The minimum Ethernet frame size was defined for the original, half-duplex variants. With half duplex, you need to reliably detect and propagate collisions while they taking place. A signal needs to be able to propagate over the longest distance between two stations in a segment, allow collision detection, and propagate the jamming signal back to the sender while it is still transmitting. Putting everything together, you end up with 512 bits or 64 bytes in a frame.
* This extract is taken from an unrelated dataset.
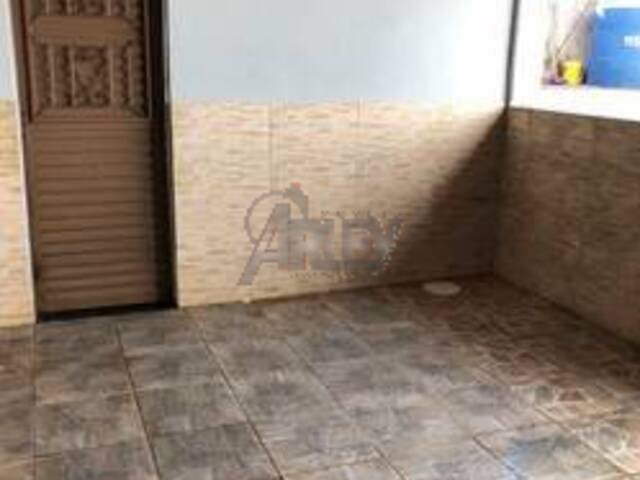 #6075 - CASA USADA / SBPE para Venda em Montes Claros - MG - 3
For Fast Ethernet (100 Mbit/s), the inherently half-duplex coax cable was abandoned and only full-duplex capable media are used (=media with dedicated signal paths per direction). This speeds up collision detection considerably and allows to use the same minimum frame size, even though a frame over Fast Ethernet is much shorter in time.
Gigabit Ethernet initially included a half-duplex mode (HDX), requiring small Ethernet frames to be followed by an extension field (behind the FCS field for compatibility) and the HDX link length to be limited. The extension field is immediately removed again at the MAC layer, so it's only ever existing on a HDX medium. Half-duplex GbE wasn't actually used anywhere and it was officially obsoleted in 2011.
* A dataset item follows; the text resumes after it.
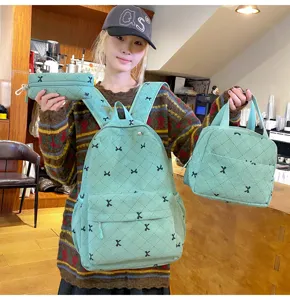 Gros plan sur l'ensemble de sac à dos en velours côtelé menthe avec broderie nœud.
Switched, full-duplex Ethernet makes these considerations obsolete. However, Ethernet is built on compatibility - all physical layer variants can coexist and interact with each other. So, the minimum frame size was never changed and an ancient 10 Mbit/s half-duplex node can still work in a modern multi-gigabit network without much ado.
However, there's much confusion about these details and much is quoted wrong. The reference is IEEE 802.3 Clause 4.4.2 MAC parameters.